One of the books of the Bible that I turn to again and again, especially when the world seems out of sorts and I need to know – God are you seeing this? Are you seeing what’s happening? – is the book of Ecclesiastes. I’d love to start there this morning. If you have a Bible, turn to Ecclesiastes 4:1. If you don’t have a Bible, the text will be on the screens behind me. If you don’t have a Bible and would like one, we have some at the Welcome Desk. Just go out and say, “Hey, Brad told me to get a Bible.” They’d love to give you one. We love giving Bibles to our friends.

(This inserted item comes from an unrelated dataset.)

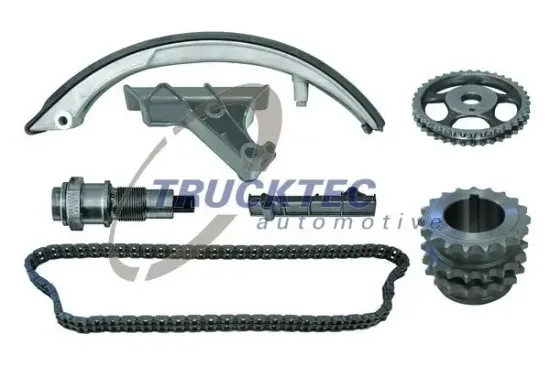 Steuerkettensatz TRUCKTEC AUTOMOTIVE 02.12.219 Bild Steuerkettensatz TRUCKTEC AUTOMOTIVE 02.12.219
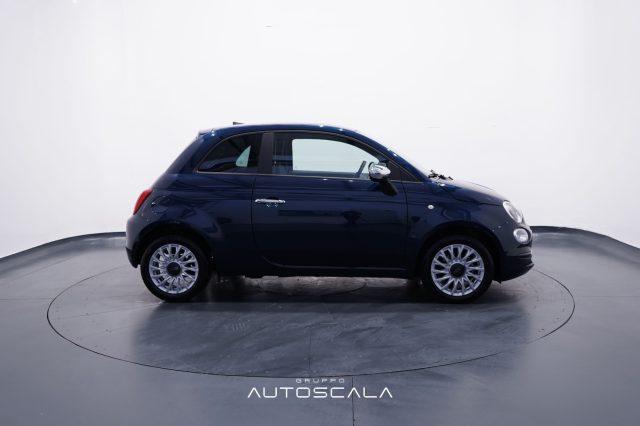 FIAT 500 1.0 70cv Hybrid Lounge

In Ecclesiastes 4:1 we see one of the extraordinary ways that life is difficult. The author writes,

“Again I saw all the oppressions that are done under the sun. And behold, the tears of the oppressed, and they had no one to comfort them! On the side of the oppressors, there was power, and there was no one to comfort them. And I thought the dead who are already dead more fortunate than the living who are still alive. But better than both is he who has not yet been and has not seen the evil deeds that are done under the sun. “

Now, I’ll admit this is kind of a bummer verse to start the morning off with and I’m sorry. It’s like, “I need three cups of coffee before I can hit Ecclesiastes, Brad. Come on.” But I think that what it points to is – this is in the Bible. God sees that there’s oppression. God sees that there’s a lack of comfort. God sees the power struggle, the class struggle. God sees those things and he’s not silent. He speaks out against them. The extraordinary challenges in life- God sees those things.

But these are headline things and thankfully our life is not lived in the headlines. Even with our social media feeds, there’s a lot of life that’s lived behind the scenes. Our life isn’t really lived out in the headlines. Our life really doesn’t consist of what we put on our social media feeds, even if I’d like you to believe that’s all that my life is. Our life is lived behind the scenes and we have this normal trajectory in life. It’s not lived in the super-high highs or in the super-low lows. We go through seasons. For the most part, our life is this kind of normal trajectory. Along the way, there are these normal speedbumps, these ordinary difficulties that we deal with on a day-to-day basis. 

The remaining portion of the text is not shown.